_Assignment_. Only one stretch of the data is wanted: the line containing "FitFlop the dash", the line containing "Аккумулятор для ноутбука", and every line between them, copied exactly.

_Materials provided_.
>>>>>

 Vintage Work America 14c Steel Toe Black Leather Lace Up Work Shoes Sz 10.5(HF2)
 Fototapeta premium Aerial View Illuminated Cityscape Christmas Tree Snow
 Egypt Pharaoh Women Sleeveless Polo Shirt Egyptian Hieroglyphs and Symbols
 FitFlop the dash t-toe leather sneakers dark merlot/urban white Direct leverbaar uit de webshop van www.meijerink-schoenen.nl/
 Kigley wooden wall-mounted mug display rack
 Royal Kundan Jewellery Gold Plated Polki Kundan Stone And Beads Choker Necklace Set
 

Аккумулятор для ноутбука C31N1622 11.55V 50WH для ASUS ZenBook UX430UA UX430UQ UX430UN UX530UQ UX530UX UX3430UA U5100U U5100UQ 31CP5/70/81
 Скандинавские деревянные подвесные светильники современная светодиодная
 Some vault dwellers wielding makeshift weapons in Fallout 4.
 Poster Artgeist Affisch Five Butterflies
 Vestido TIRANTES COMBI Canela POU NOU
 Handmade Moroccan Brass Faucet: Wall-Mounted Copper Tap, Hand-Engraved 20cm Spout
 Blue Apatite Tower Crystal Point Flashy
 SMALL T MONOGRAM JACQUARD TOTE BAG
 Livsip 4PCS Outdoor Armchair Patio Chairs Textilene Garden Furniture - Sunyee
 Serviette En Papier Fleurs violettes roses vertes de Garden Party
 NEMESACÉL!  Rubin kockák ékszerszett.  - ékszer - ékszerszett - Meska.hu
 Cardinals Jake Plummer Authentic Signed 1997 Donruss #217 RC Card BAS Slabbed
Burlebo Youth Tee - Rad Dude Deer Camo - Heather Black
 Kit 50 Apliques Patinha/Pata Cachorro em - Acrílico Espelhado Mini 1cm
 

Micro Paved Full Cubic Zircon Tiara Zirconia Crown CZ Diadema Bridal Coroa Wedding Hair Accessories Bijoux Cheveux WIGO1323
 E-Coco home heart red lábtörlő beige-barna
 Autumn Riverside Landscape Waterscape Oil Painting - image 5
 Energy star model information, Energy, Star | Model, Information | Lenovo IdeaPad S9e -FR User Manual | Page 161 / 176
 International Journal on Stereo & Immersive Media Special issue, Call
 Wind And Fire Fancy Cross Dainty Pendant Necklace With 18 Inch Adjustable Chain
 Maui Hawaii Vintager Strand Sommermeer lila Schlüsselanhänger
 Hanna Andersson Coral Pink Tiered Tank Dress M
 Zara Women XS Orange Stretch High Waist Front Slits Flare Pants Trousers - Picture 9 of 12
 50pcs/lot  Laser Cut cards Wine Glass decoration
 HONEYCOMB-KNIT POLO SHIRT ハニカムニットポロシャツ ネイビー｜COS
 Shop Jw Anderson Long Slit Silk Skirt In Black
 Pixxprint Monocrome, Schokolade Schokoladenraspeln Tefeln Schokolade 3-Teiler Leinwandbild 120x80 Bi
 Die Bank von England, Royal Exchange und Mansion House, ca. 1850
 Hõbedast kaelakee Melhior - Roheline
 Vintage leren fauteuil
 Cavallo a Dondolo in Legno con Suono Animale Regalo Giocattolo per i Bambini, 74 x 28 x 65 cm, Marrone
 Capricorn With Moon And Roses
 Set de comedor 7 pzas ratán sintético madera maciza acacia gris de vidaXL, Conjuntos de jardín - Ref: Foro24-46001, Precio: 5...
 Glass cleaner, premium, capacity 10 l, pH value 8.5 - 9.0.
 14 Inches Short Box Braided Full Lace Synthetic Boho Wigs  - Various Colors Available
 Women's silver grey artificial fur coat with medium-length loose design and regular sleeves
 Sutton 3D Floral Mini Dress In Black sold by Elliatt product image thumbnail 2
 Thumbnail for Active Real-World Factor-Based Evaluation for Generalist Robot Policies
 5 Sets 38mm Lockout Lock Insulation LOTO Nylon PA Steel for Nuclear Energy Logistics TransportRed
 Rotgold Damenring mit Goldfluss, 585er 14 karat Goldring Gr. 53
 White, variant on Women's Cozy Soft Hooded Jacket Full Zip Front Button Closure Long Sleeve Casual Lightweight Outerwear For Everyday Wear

<<<<<

_Answer box_.
 FitFlop the dash t-toe leather sneakers dark merlot/urban white Direct leverbaar uit de webshop van www.meijerink-schoenen.nl/
 Kigley wooden wall-mounted mug display rack
 Royal Kundan Jewellery Gold Plated Polki Kundan Stone And Beads Choker Necklace Set
 

Аккумулятор для ноутбука C31N1622 11.55V 50WH для ASUS ZenBook UX430UA UX430UQ UX430UN UX530UQ UX530UX UX3430UA U5100U U5100UQ 31CP5/70/81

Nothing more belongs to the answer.